I waved to the trainer who was getting ready to work with her and headed into the lobby to say goodbye to some of the other staff members. My dragon friends thought I did nothing but play on the beach all day and collect shells, sea glass, and other treasures for my hoard. That used to be true. When I first purchased the island, the little village at the base of the hill where the house that had become my lair stood had been practically abandoned. Decades before, it had been a thriving tourist attraction, but only a handful of people remained.
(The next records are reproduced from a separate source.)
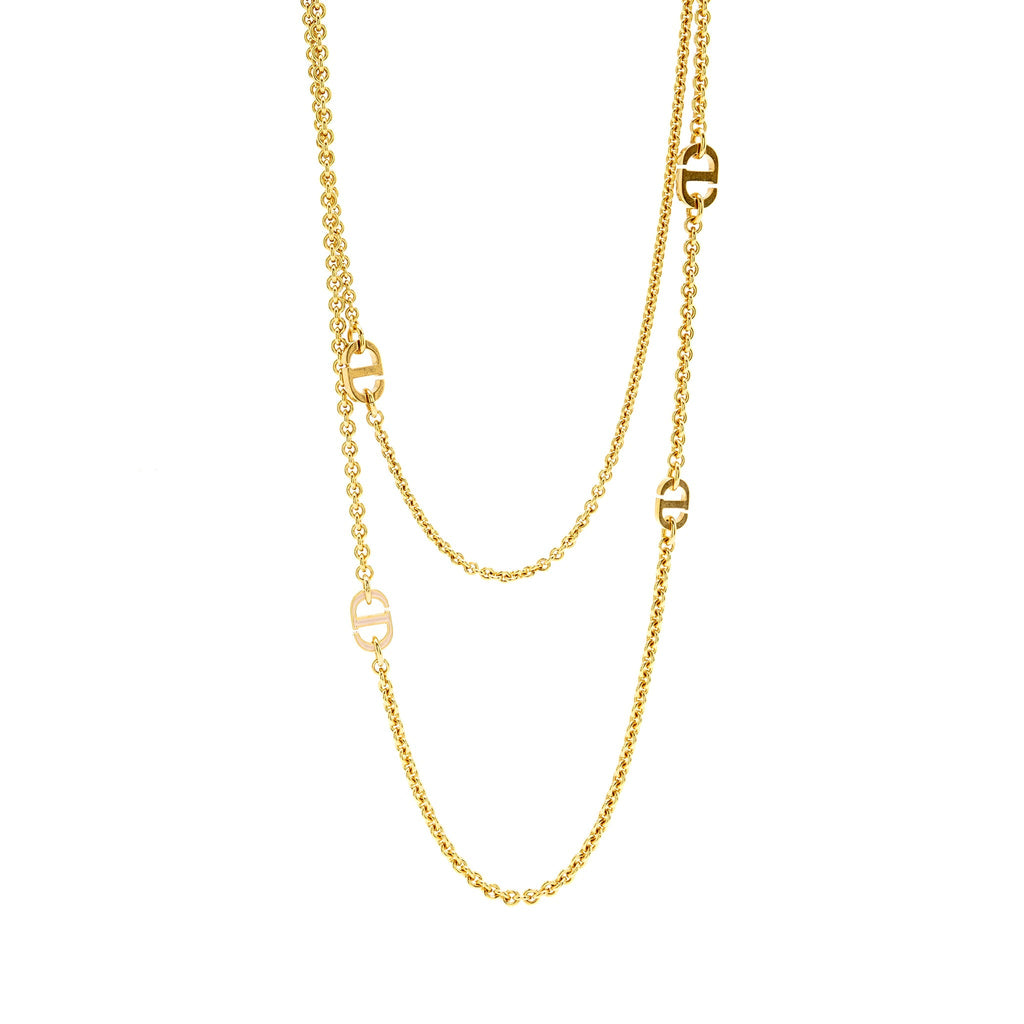 DIOR PETIT CD DOUBLE CHAIN NECKLACE PINK GOLD TONE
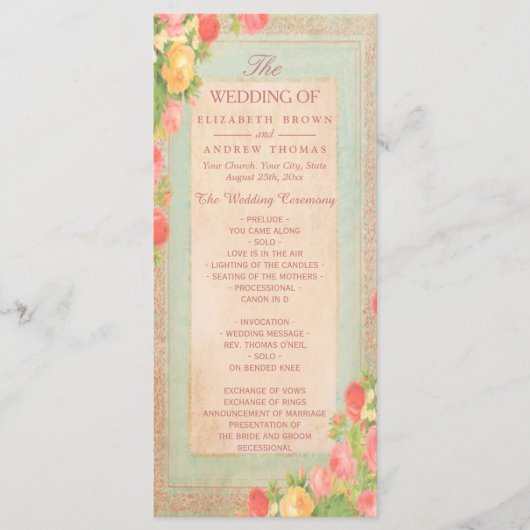 Elegantes Hochzeitsprogramm für Vintage Rose Programm (Vorderseite)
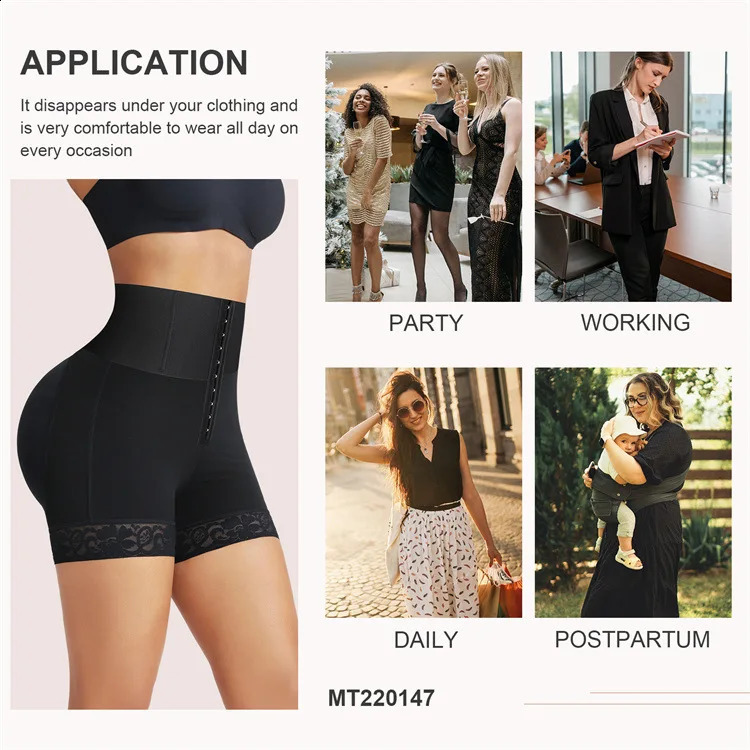 Women Fajas Colombianas Shapewear 3 Boned Sculpt Booty Shorts High Waist Trainer Body ShaperTummy Control Underwear Shaping 241224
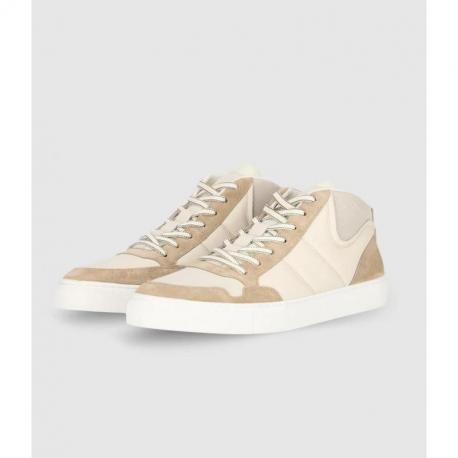 Sneakers montantes bi matière blanc et beige OSLO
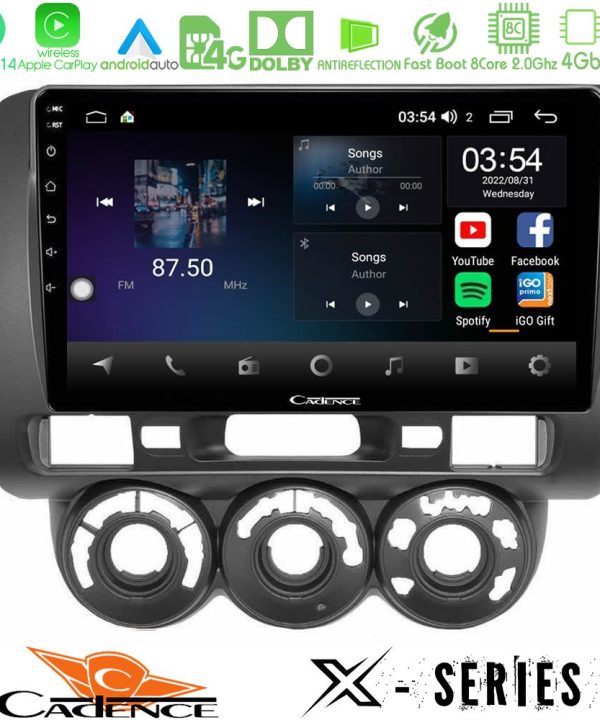 Kimpiris - Cadence X Series Honda Jazz 2002-2008 (Manual A/C) 8core Android 14 4+64GB Navigation Multimedia Tablet 9"
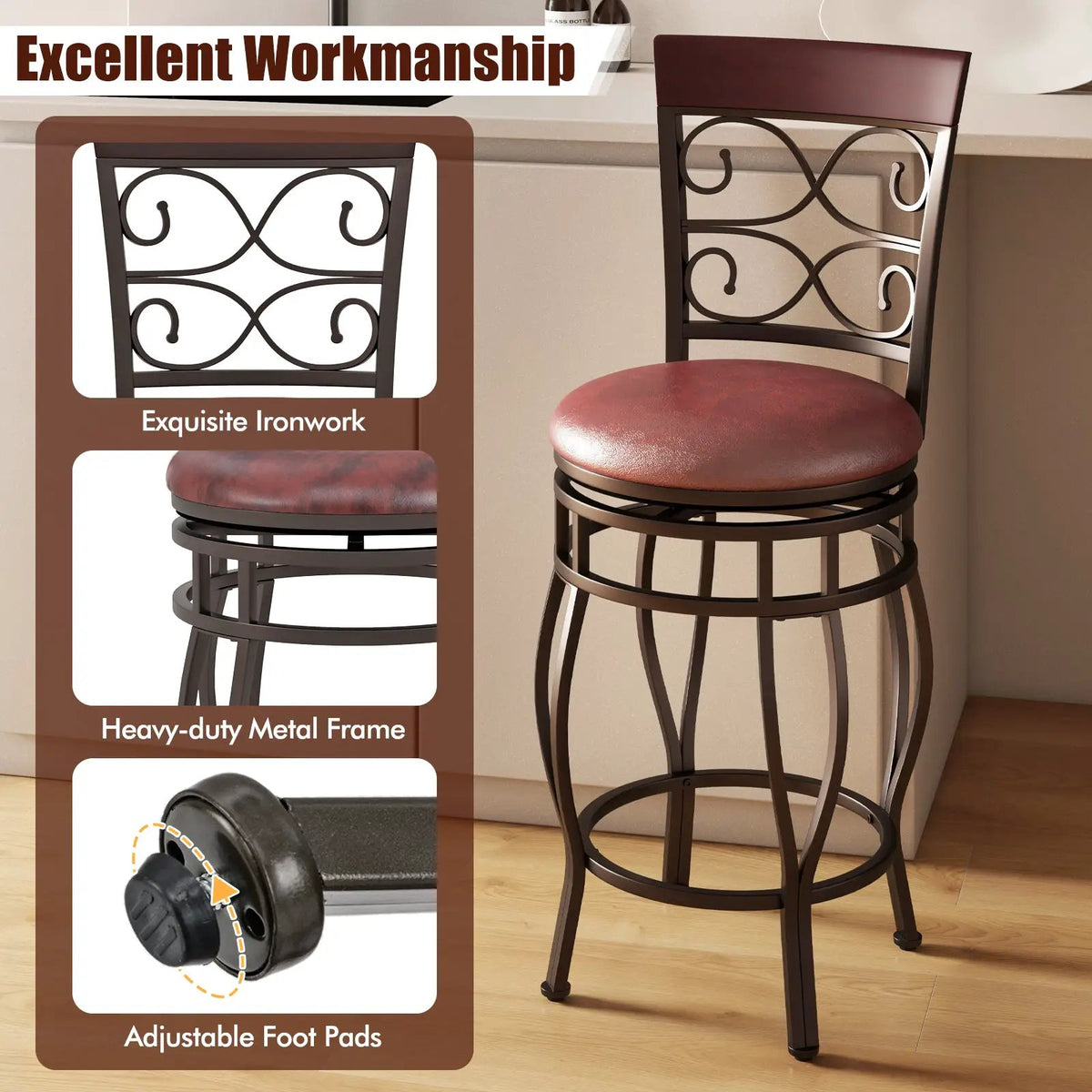 Set of 2 26 Inch Bar Stool with Backrest and Footrest, photo 6 of 9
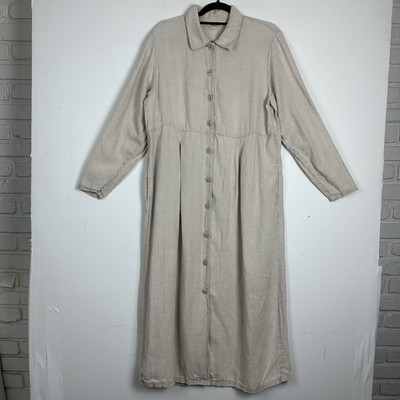 Vtg Eddie Bauer 100% Linen Maxi Dress Beige Button Up Lagenlook Modest 90s L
At first, I was happy for it to stay that way. I didn’t want to live surrounded by humans like my friend Bartholomew who—very strangely for a dragon—preferred big city life. But after a while, I realized I wasn’t meant to be a hermit either. I wanted some contact without having to go over to the mainland. I decided to see if the village could be reinvigorated. I invested in a remodel of the resort and provided start-up capital for several other businesses. After I rescued a dolphin who’d gotten tangled in some fishing wire, I started collecting animals from the sea along with my other treasures. Knowing I couldn’t actually keep them for my hoard—beautiful as they were—I funded a rescue center to help them get rehabilitated and released when possible. The animals couldn’t stay with me, but they could fulfill the need I had to take care of someone. If that couldn’t be my mate, at least it could be animals I cared about deeply.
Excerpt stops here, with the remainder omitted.